‘GOOD ECONOMICS IS AT THE CENTRE OF GOOD POLITICS’
Invest India MD & CEO Deepak Bagla on competitive federalism, start-ups and more
INVEST INDIA, THE country’s investment promotion agency, acts as a catalyst for foreign direct investment (FDI) into India. Its recent successes have led to the World Bank creating a case study on it, says Deepak Bagla, MD & CEO of Invest India. The agency also has additional responsibility of Startup India and the Prime Minister’s science and technology initiative. Bagla, who has had stints with the World Bank and Citibank and is the current President of the World Association of Investment Promotion Agencies (WAIPA), speaks on a range of issues in an interaction with BT. Edited excerpts:
What are the significant highlights of Invest India in the past few years?
The most interesting thing, and it’s ironic, is that starting up a business in India was complex for foreign investors, and yet India did not have an investment promotion agency (IPA). Every other country in the world had one, especially if you look at the top 20 FDI destinations. There are two aspects to it. One is that it provides facilitation to the investor to handle everything. More importantly, it is a message to foreign investors that the government welcomes them. And that is what you were looking at when the honourable Prime Minister said: “I want to turn the red tape into a red carpet.” This is the red carpet.

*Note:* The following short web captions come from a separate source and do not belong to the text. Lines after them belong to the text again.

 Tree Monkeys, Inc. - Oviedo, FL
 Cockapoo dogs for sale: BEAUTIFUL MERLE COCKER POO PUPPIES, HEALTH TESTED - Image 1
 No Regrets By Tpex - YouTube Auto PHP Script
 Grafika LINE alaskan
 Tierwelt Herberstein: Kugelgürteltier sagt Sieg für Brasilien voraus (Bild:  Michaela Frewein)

We have states vying with each other for FDI. Competitive federalism is very valid now…
In a recent election in a state in northern India about two or three years ago, there was a full-page ad that said ‘we are No. 1 in ease of doing business in northern India’. The day that happens, you realise that good economics is at the centre of good politics. That is a big change, which has been brought about by the current
leadership. And this is what Invest India personifies. We are working with state governments, showing them global best practices, then rating Indian global best practices vis-à-vis theirs, and then training them to come up the curve on those. We have also started partnering the states that are doing better with the ones that are weaker.

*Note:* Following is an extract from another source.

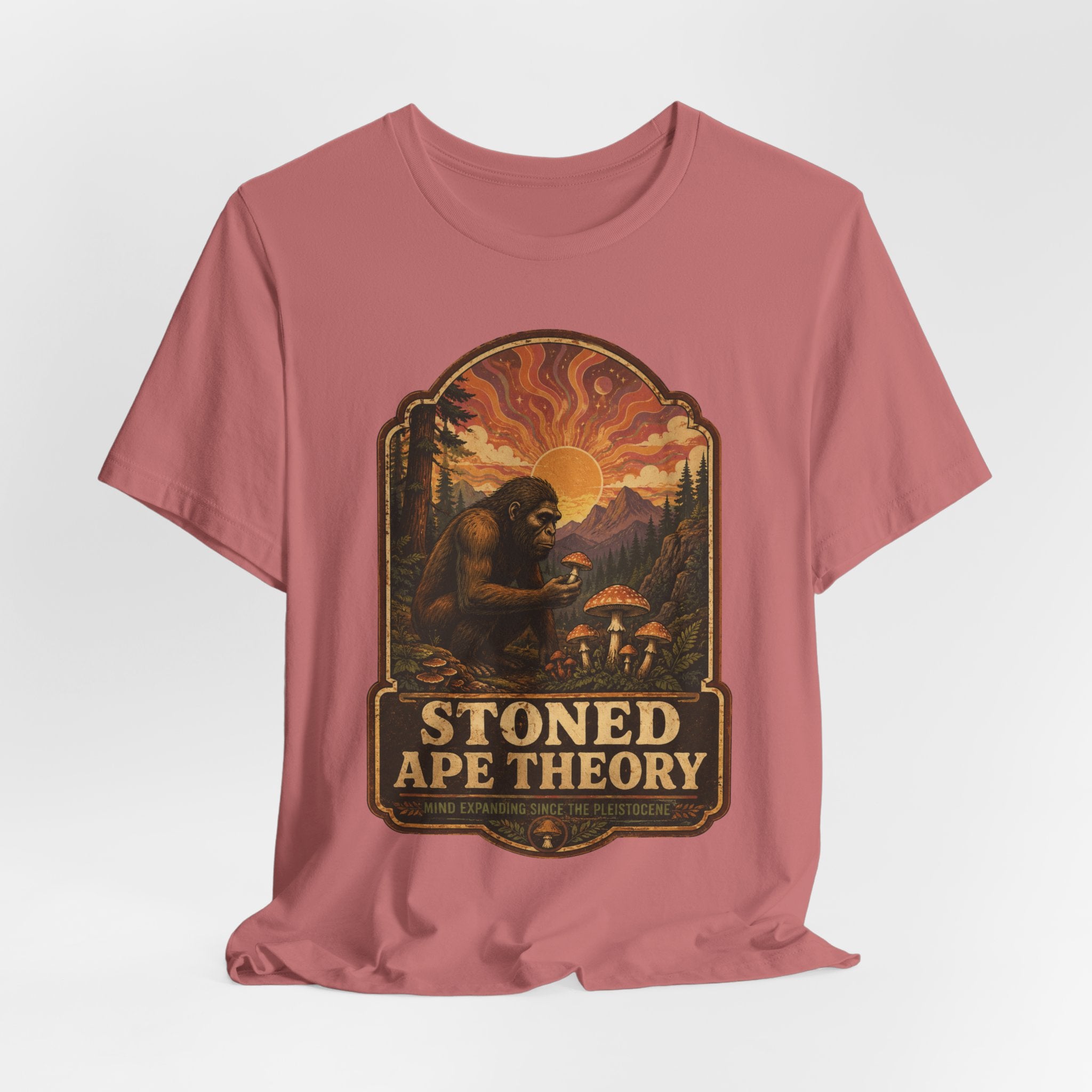 Stoned Ape Theory T-Shirt in Black - funny psychedelic evolution humor graphic tee, Barely Outdoorsy Bella Canvas 3001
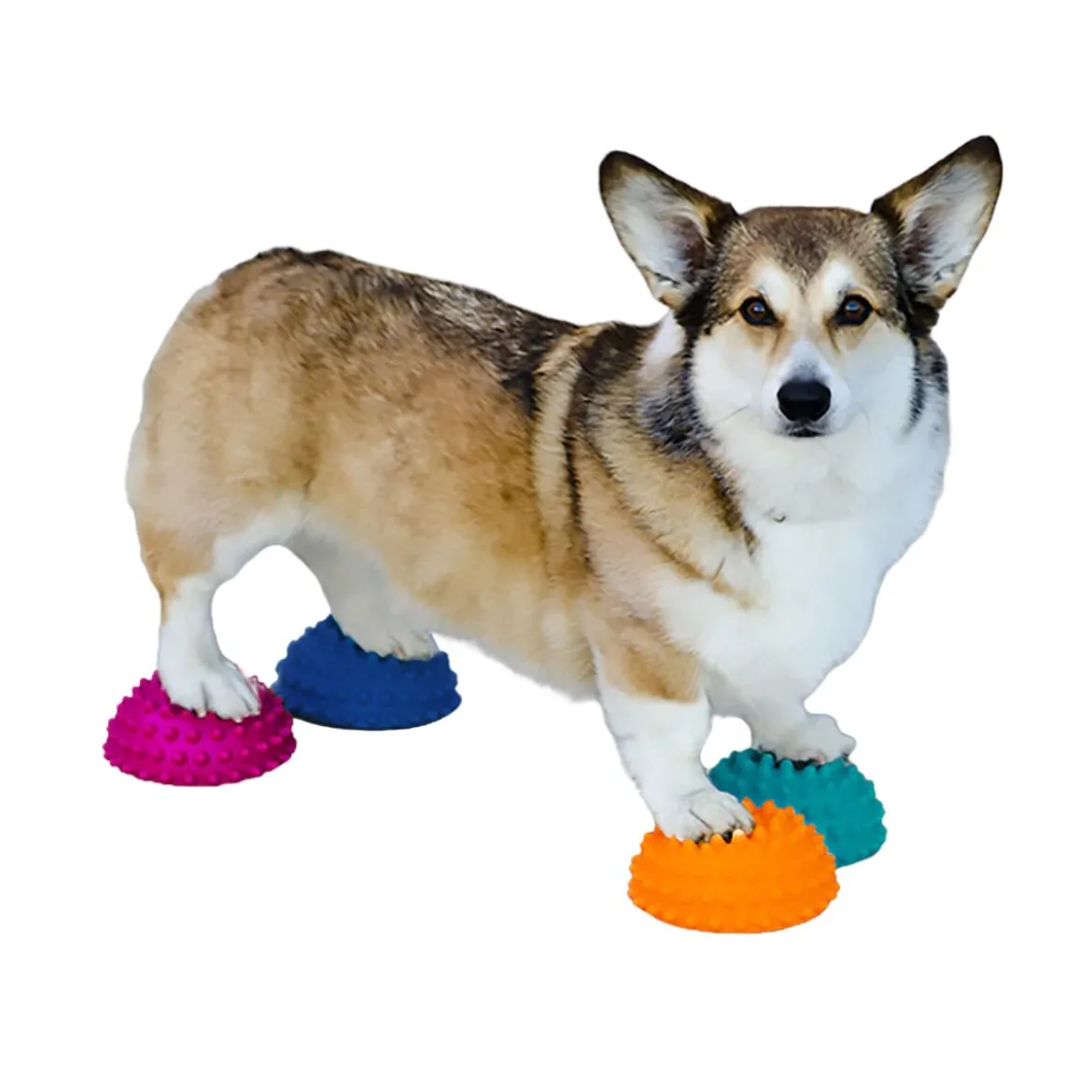 FitPaws Paw Pods, 4 kpl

The other interesting element is how state governments are upgrading their industrial parks to make India a plug-and-play model. This is very important, especially for the movement of MSMEs. If I have a big mobile maker coming in, you want the entire supply chain. The supply chain is MSMEs. The first thing they want is complete facilitation, hand-holding, which is what Invest India does—from location search to showing them the opportunity to getting all approvals. The second, which is more important for them, is that they need an ecosystem within which they can work and do a plug-and-play model. That is what we are seeing developing very fast in India.
What kind of work is Invest India doing in the start-up space?

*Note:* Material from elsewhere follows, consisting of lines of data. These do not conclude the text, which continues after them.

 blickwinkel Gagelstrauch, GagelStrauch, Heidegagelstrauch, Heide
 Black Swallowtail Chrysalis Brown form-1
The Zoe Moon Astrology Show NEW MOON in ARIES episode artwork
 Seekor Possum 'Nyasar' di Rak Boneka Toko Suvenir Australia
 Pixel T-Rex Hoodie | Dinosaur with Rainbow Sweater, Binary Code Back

The first challenge was to create the ecosystem. Second, how do we respect failure? That was a social challenge. We work with each state government on its specific start-up policy, creating the ecosystem, creating the incentives, taking best-case examples from one and sharing with the other. The next step is to see how we can bring all the start-ups together and help them by joining the dots. So, we created the Startup India Hub, which is like a virtual incubator. In that virtual incubator, you get everything from learning how to ideate, to creating a presentation, to meeting a VC, to finding a mentor, to getting an incubator, and to getting a market. Hand-holding happens [through the] entire chain.
We also have the Prime Minister’s science and technology initiative. There are two elements to it—one is waste to wealth. We are bringing in new technologies on waste to wealth. For example, we are trying to see how the Ghazipur dump (in Delhi) can be converted into a road.
The other element is that we are bringing in the best innovations from outside the government into the government, be it agriculture, defence, etc.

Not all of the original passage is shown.